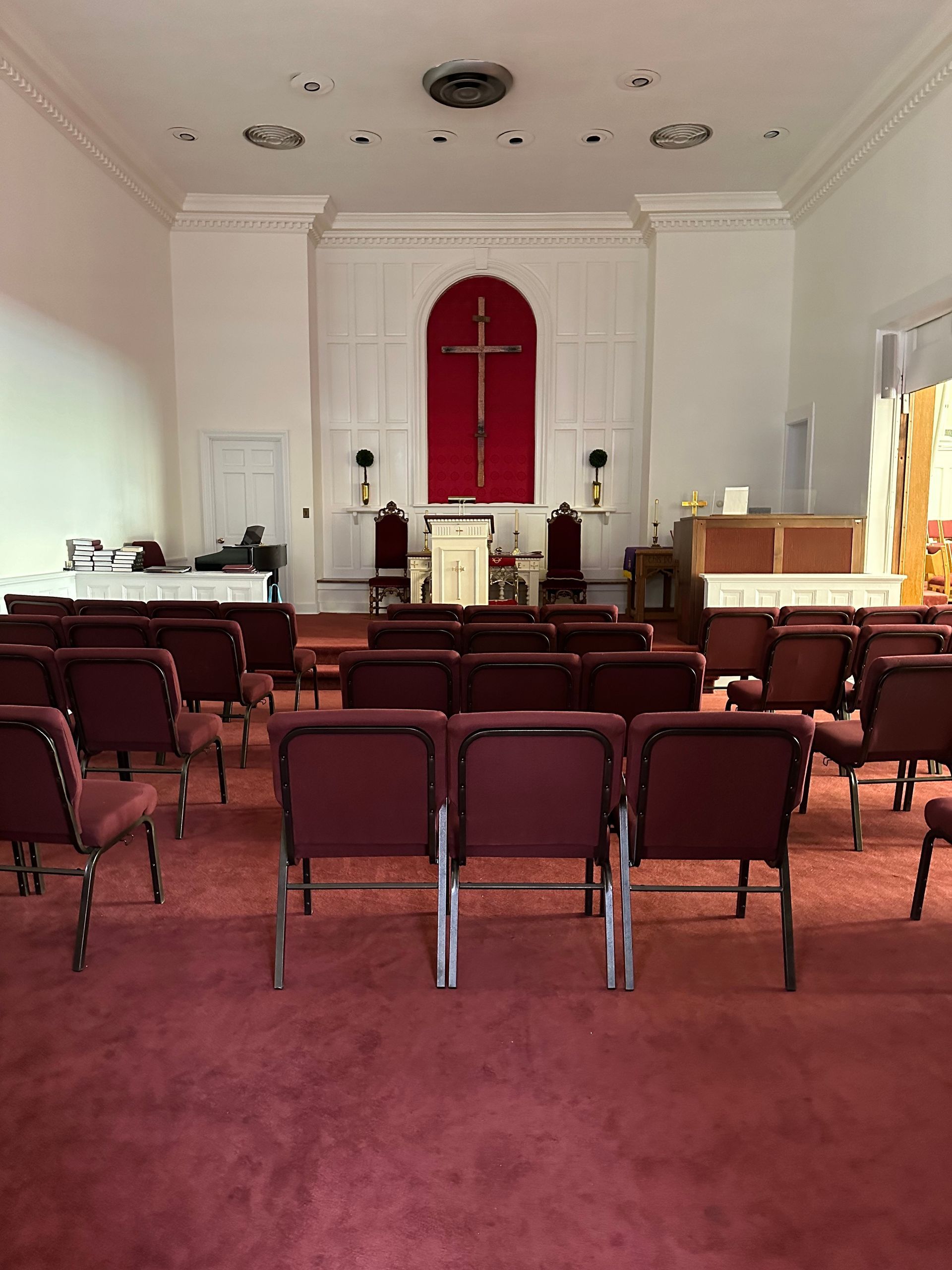 Empty church interior with rows of red chairs facing an altar and red cross backdrop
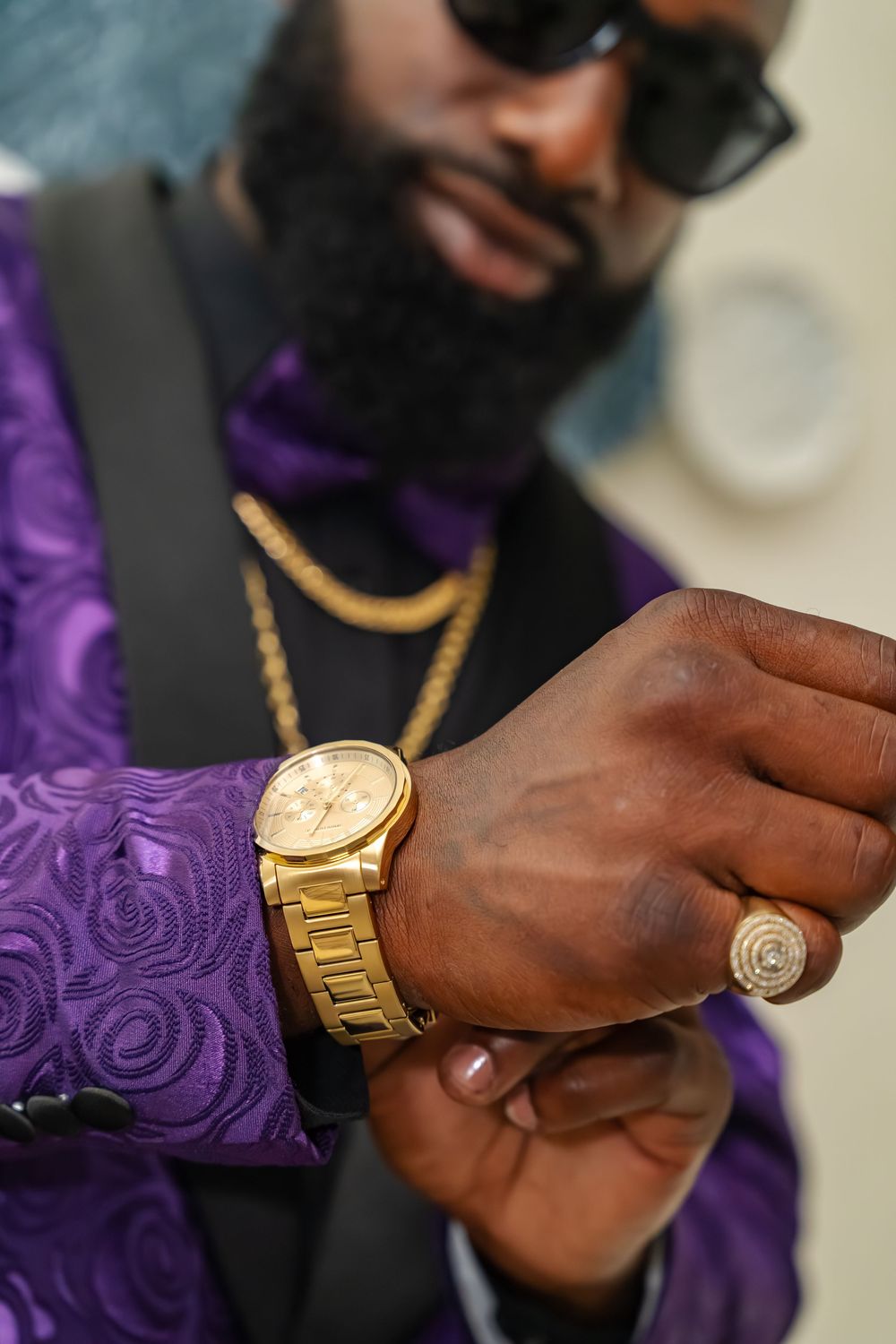 Close up of gold watch and jewelry accessories with purple suit sleeve.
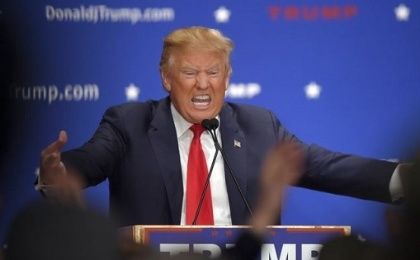 Donald Trump addresses the crowd at a campaign rally in Farmington, New Hampshire. 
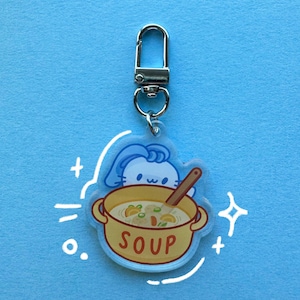 May include: A clear acrylic keychain featuring a cartoon bunny peeking over a yellow soup pot. The pot has the word "SOUP" in red and contains soup with vegetables. A silver clasp is attached to the top.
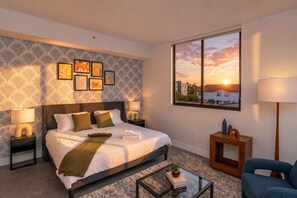A hotel room with a bed, bedside lamps, a view of a sunset, and a framed picture on the wall. - King Bed brand new safe Oasis minutes to Brickell (Miami)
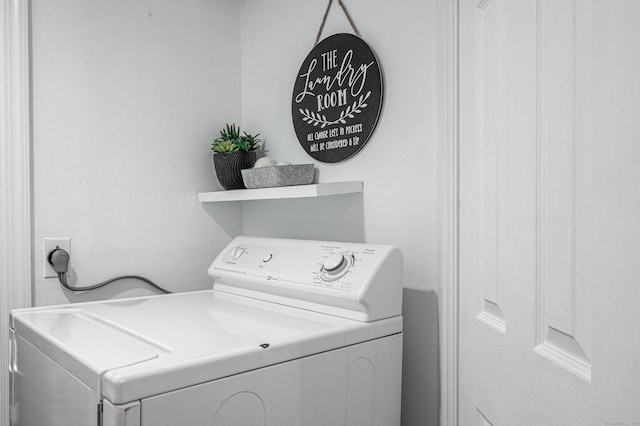 laundry area with independent washer and dryer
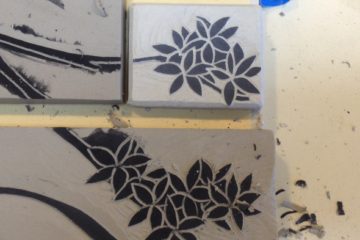 Stoneware tiles, sgraffito carving in progress
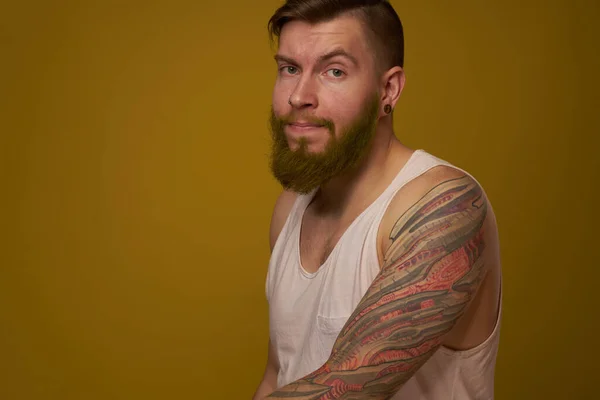 Веселий бородатий чоловік у білій футболці з татуюваннями хуліганів на руках — стокове фото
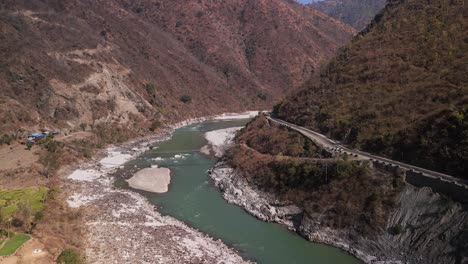 a serene river flowing through majestic mountain peaks: tranquil landscape with verdant valleys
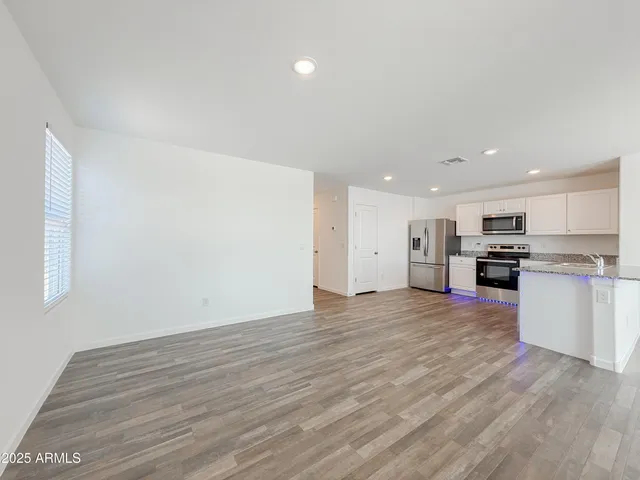 a view of kitchen with wooden floor and electronic appliances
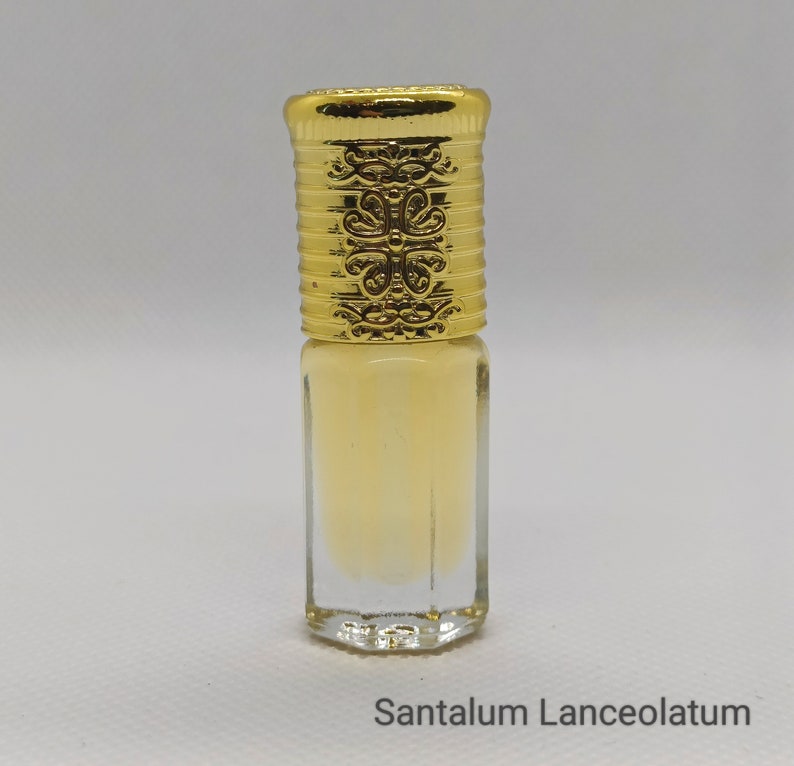 May include: A small, clear glass bottle filled with a pale yellow liquid. The bottle has a decorative gold-colored cap with ornate detailing. The text "Santalum Lanceolatum" is printed at the bottom of the image.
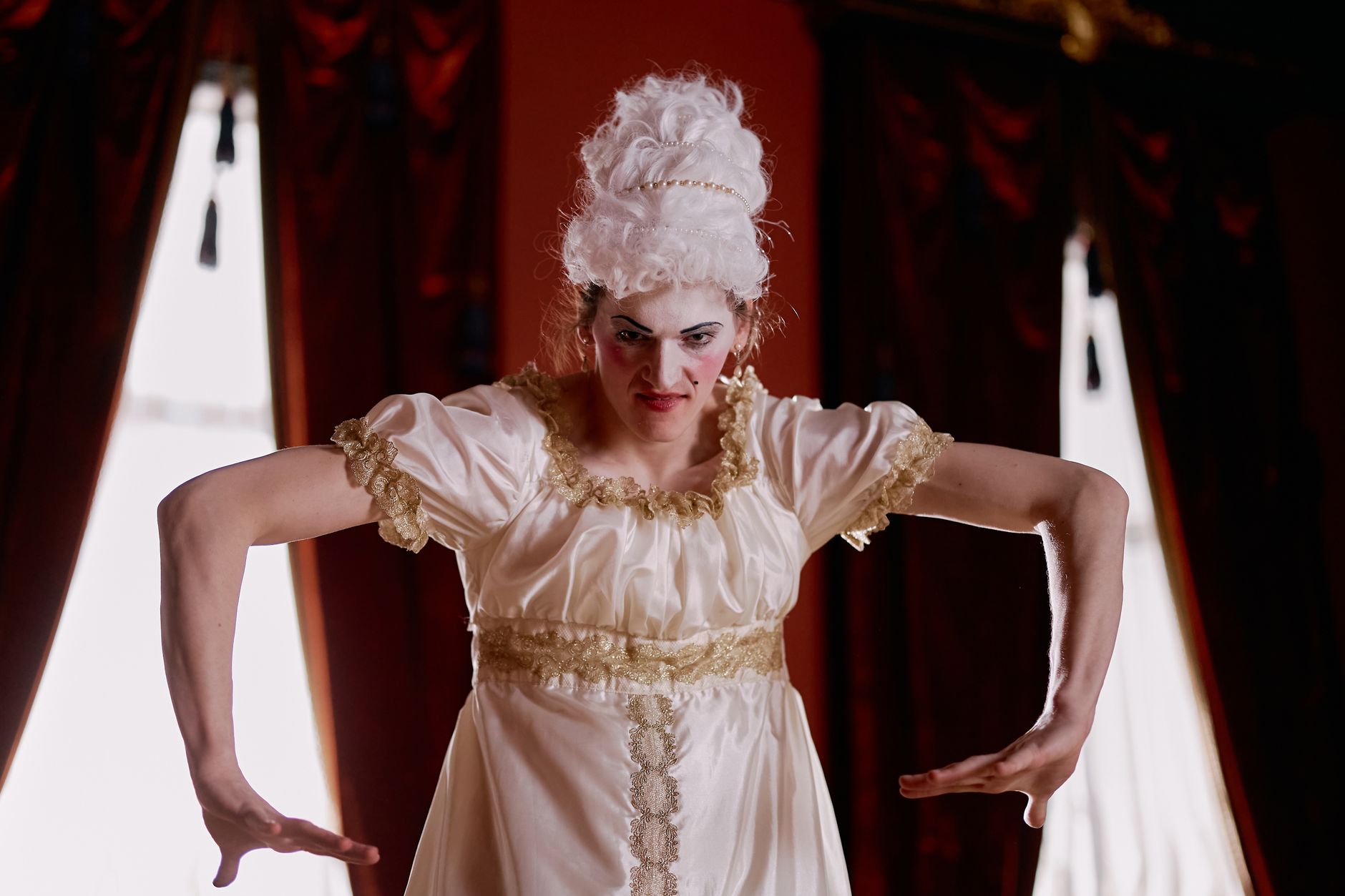 Elegant portrait of a performer in Victorian costume with theatrical pose indoors.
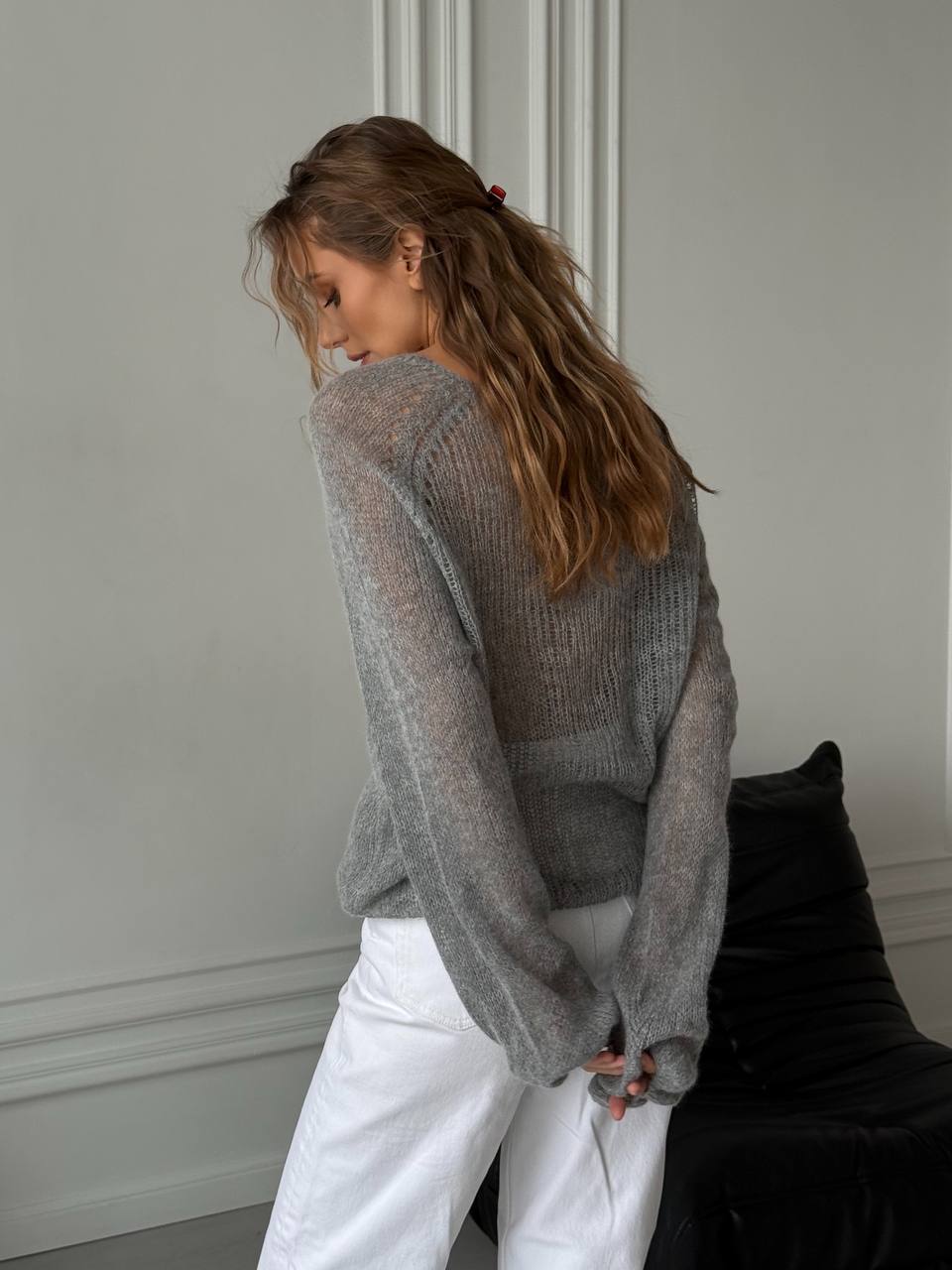 Woman wearing a gray sweater and white pants in a minimalistic room.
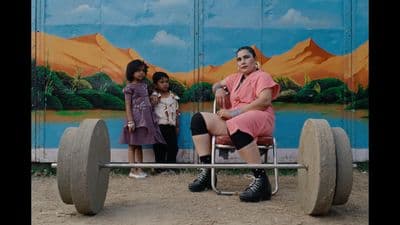 a woman sitting on top of a wheel chair next to two little girls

Task> Output each line of the listing above, word for word, from the one holding "Close up of" through the last line, both included; omit the pictures.

Your solution>
 Close up of gold watch and jewelry accessories with purple suit sleeve.
 Donald Trump addresses the crowd at a campaign rally in Farmington, New Hampshire. 
 May include: A clear acrylic keychain featuring a cartoon bunny peeking over a yellow soup pot. The pot has the word "SOUP" in red and contains soup with vegetables. A silver clasp is attached to the top.
A hotel room with a bed, bedside lamps, a view of a sunset, and a framed picture on the wall. - King Bed brand new safe Oasis minutes to Brickell (Miami)
 laundry area with independent washer and dryer
 Stoneware tiles, sgraffito carving in progress
 Веселий бородатий чоловік у білій футболці з татуюваннями хуліганів на руках — стокове фото
 a serene river flowing through majestic mountain peaks: tranquil landscape with verdant valleys
 a view of kitchen with wooden floor and electronic appliances
 May include: A small, clear glass bottle filled with a pale yellow liquid. The bottle has a decorative gold-colored cap with ornate detailing. The text "Santalum Lanceolatum" is printed at the bottom of the image.
 Elegant portrait of a performer in Victorian costume with theatrical pose indoors.
 Woman wearing a gray sweater and white pants in a minimalistic room.
 a woman sitting on top of a wheel chair next to two little girls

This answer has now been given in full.